▶ PROBLEM TO SOLVE
Your output should be the lines below from the one holding "What I wore" through the one holding "#LTKstyletip", transcribed exactly, with no pictures.
== RECORDS FOR THE EXERCISE ==
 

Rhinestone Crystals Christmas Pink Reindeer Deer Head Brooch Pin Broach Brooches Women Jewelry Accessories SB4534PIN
===
== RECORDS FOR THE EXERCISE ==
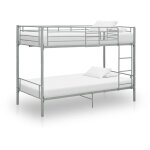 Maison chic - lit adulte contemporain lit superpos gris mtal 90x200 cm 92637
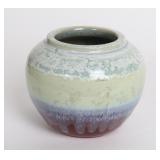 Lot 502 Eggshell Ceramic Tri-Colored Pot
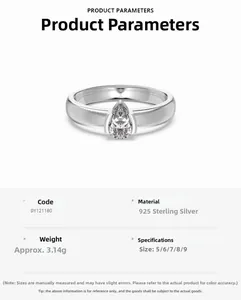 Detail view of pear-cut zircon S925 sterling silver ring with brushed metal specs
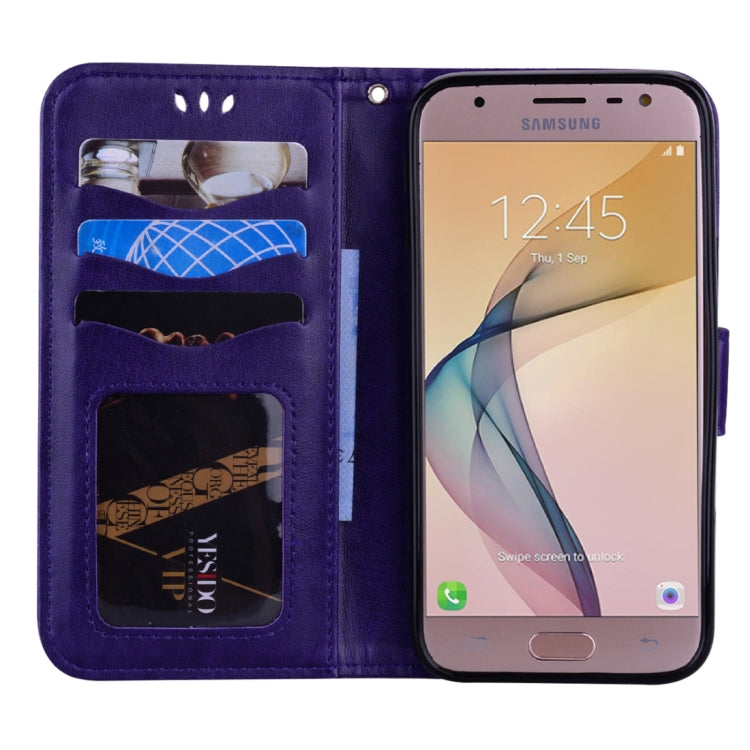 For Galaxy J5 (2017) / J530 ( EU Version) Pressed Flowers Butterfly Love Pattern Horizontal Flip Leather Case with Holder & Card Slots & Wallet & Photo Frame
===
== RECORDS FOR THE EXERCISE ==
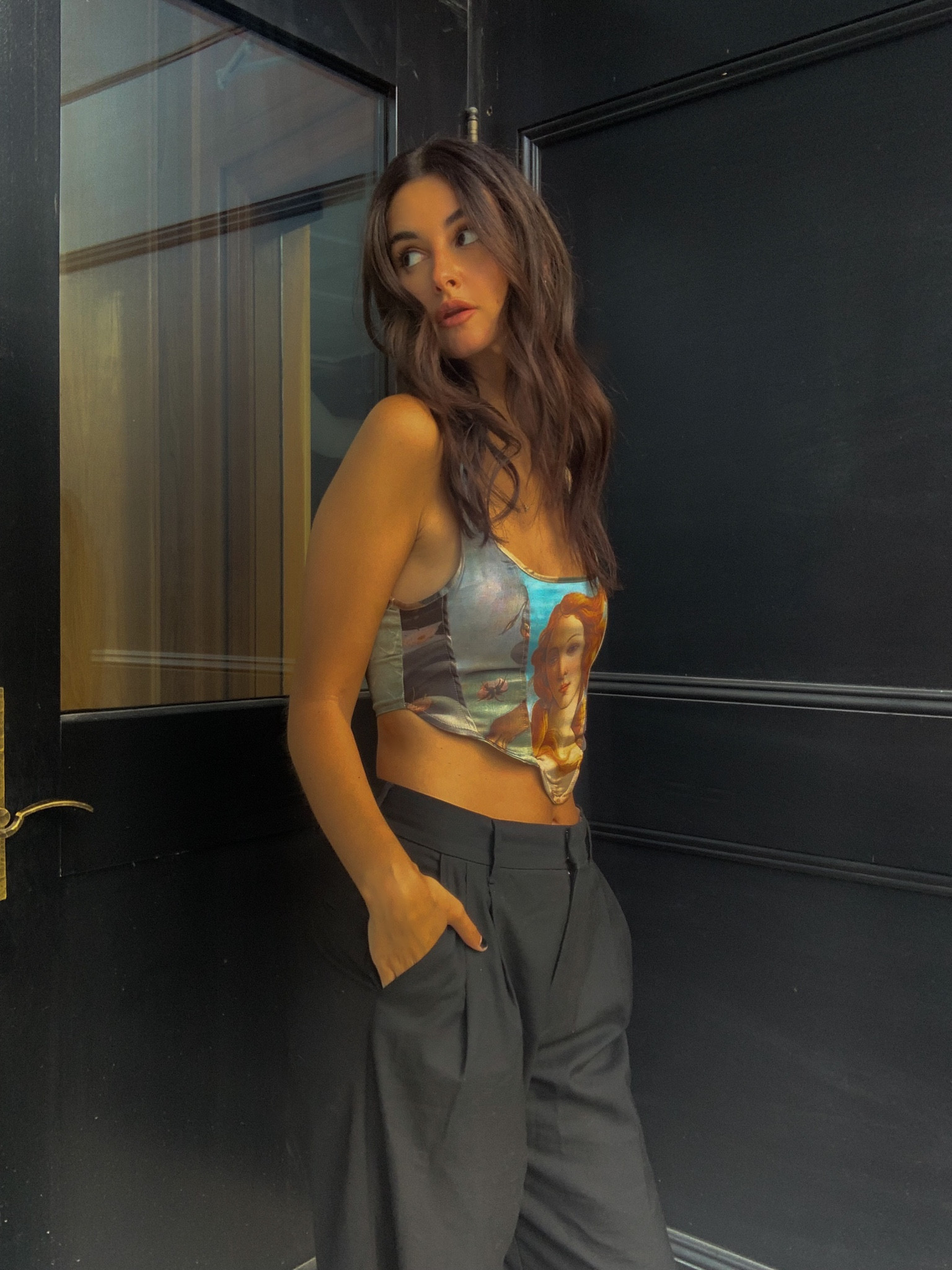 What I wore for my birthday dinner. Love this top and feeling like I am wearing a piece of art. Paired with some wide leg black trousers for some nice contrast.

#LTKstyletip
===
▶ WRITTEN SOLUTION
 What I wore for my birthday dinner. Love this top and feeling like I am wearing a piece of art. Paired with some wide leg black trousers for some nice contrast.

#LTKstyletip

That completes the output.